> _EXERCISE AIM_:
Copy each entry below unchanged; the images do not go in the copy.

MATERIAL PROVIDED START

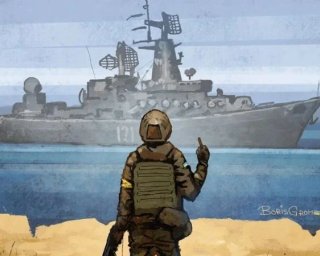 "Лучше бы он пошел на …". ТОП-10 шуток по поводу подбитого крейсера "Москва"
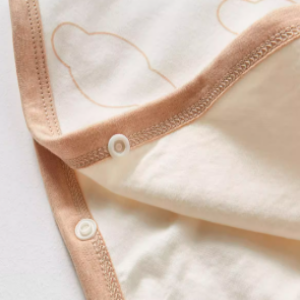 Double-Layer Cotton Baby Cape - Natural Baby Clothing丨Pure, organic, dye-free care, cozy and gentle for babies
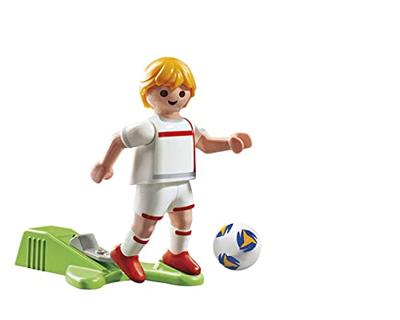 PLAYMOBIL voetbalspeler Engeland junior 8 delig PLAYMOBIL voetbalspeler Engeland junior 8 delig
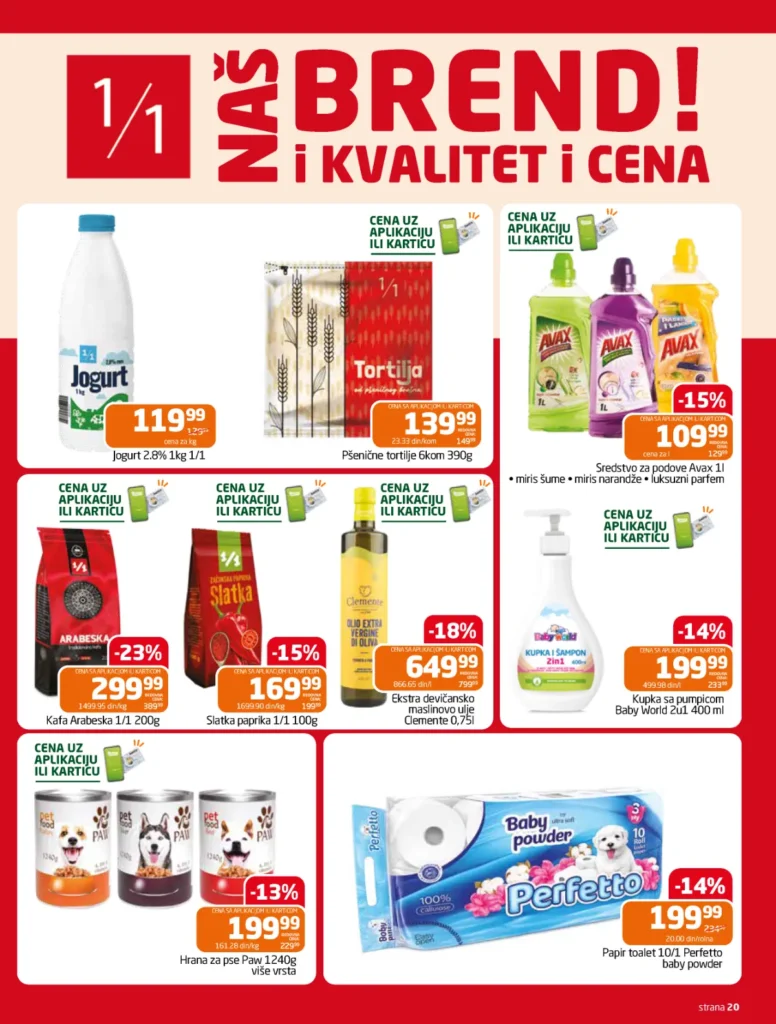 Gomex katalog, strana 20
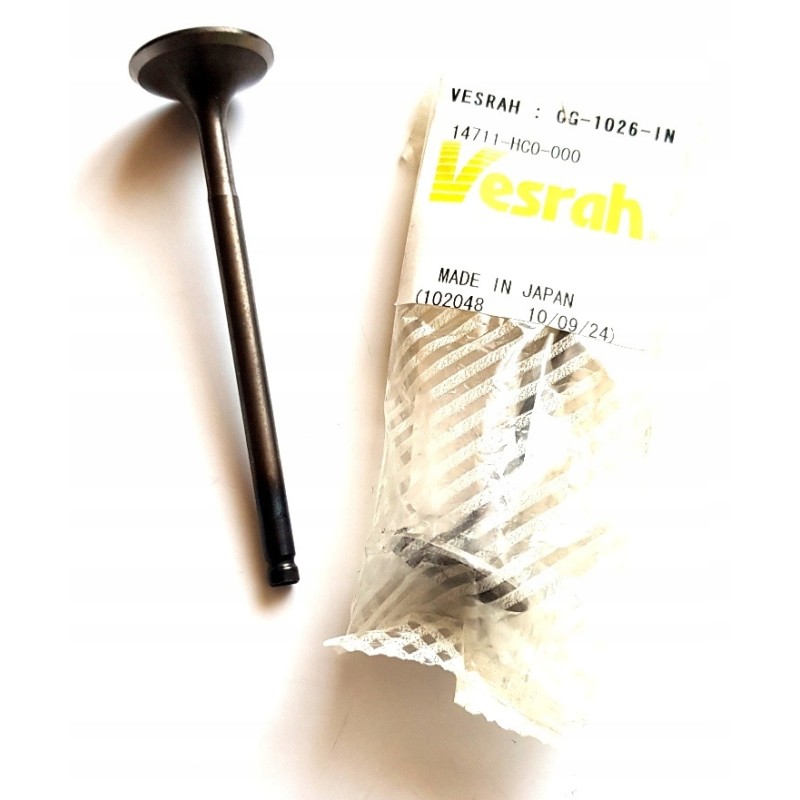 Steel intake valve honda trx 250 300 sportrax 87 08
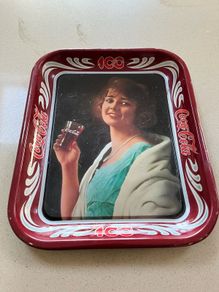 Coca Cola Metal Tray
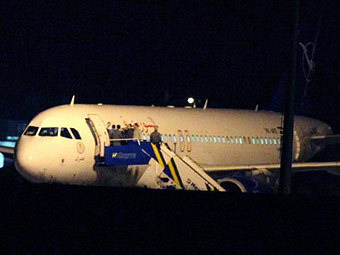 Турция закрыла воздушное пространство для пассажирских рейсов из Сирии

MATERIAL PROVIDED END

> _RESPONSE AREA_:
 "Лучше бы он пошел на …". ТОП-10 шуток по поводу подбитого крейсера "Москва"
 Double-Layer Cotton Baby Cape - Natural Baby Clothing丨Pure, organic, dye-free care, cozy and gentle for babies
 PLAYMOBIL voetbalspeler Engeland junior 8 delig PLAYMOBIL voetbalspeler Engeland junior 8 delig
 Gomex katalog, strana 20
 Steel intake valve honda trx 250 300 sportrax 87 08
 Coca Cola Metal Tray
 Турция закрыла воздушное пространство для пассажирских рейсов из Сирии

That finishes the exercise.